Spotted box turtle
The narrow to oval carapace (to 15 cm) is domed, but somewhat flattened dorsally, with a poorly developed (sometimes absent) medial keel. Vertebrals are broader than long; posterior marginals are unserrated but flared over the hindlimbs. The carapace ranges from yellowish to tan to dark or greenish brown and often contains a pattern of scattered small brown to yellow spots. The plastron is large and well-developed with no posterior notch on the anal scutes. The plastral formula is: an > abd > gul > pect > fem > hum. Axillary scutes are usually absent, but when present, are at the 5th marginals.

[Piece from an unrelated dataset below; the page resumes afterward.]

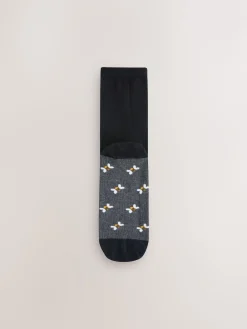 Next Hamish Highland Cow Footbed Ankle Socks 5 Pack Clearance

The dark brown plastron is yellow bordered and may contain yellow spots and streaks. The head is large with a strongly hooked upper jaw. In the skull, no process arises from the postorbital bone, and the postorbital bar is absent. Skin of the head, neck, limbs, and tail is yellow to brown with brown or yellow spots. Four webbless toes are present on the hind foot.
The plastron is shallowly concave in males and flat or convex in females. The first toe of the male hind foot is capable of medial rotation. Males also have thicker and longer tails than females.

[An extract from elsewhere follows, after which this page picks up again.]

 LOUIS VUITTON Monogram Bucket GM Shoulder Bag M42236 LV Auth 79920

Terrapene nelsoni occurs in disjunct populations in southern Sonora, Sinaloa, and Nayarit in western Mexico.
Two subspecies are recognized. Terrapene nelsoni nelsoni Stejneger, 1925b, the southern spotted box turtle, is restricted to the vicinity of Pedro Pablo, Nayarit, Mexico. Its carapace is straw-colored to tan or dark brown and the light spots are larger and less numerous. The interhumeral seam and the interpectoral seam lengths average 16 and 35%, respectively, of the anterior plastral lobe length (Iverson, 1982b). Also, its 1st vertebral scute is concave in shape. T. n. klauberi Bogert, 1943, the northern spotted box turtle, occurs in southwestern Sonora and near Terreros in northwestern Sinaloa (Hardy and McDiarmid, 1969). Its carapace is tan to dark brown or greenish-brown with numerous, smaller light spots than in T. n. nelsoni. Its interhumeral seam and interpectoral seam lengths average 18 and 33%, respectively, of the anterior plastral lobe length (Iverson, 1982b). Its 1st vertebral is flattened. Spotting may be absent from either subspecies.

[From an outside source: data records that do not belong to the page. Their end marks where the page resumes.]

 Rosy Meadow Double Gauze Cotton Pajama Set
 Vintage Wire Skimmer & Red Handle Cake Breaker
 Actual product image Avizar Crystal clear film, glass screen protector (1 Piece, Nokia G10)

This species inhabits hill country covered with savannah, oak woodlands, or dry scrub forest. T. n. nelsoni has been collected only at elevations over 1050 m, while T. n. klauberi is known only from elevations below this. Hardy and McDiarmid (1969) found numerous burrows on a hillside where they collected T. n. klauberi in Sinaloa, and attributed some of these to box turtles.
Nothing is known of courtship and mating in Terrapene nelsoni, but the rotating first hind toe is probably used to clasp the female, as in T. ornata. Milstead and Tinkle (1967) dissected female T. n. nelsoni and found the number of eggs to range from one to four with three the usual number. They found no evidence of second clutches. The elongated eggs averaged 47 x 27 mm.
Captives are omnivorous, feeding on various vegetables, worms, insects, and canned dog food.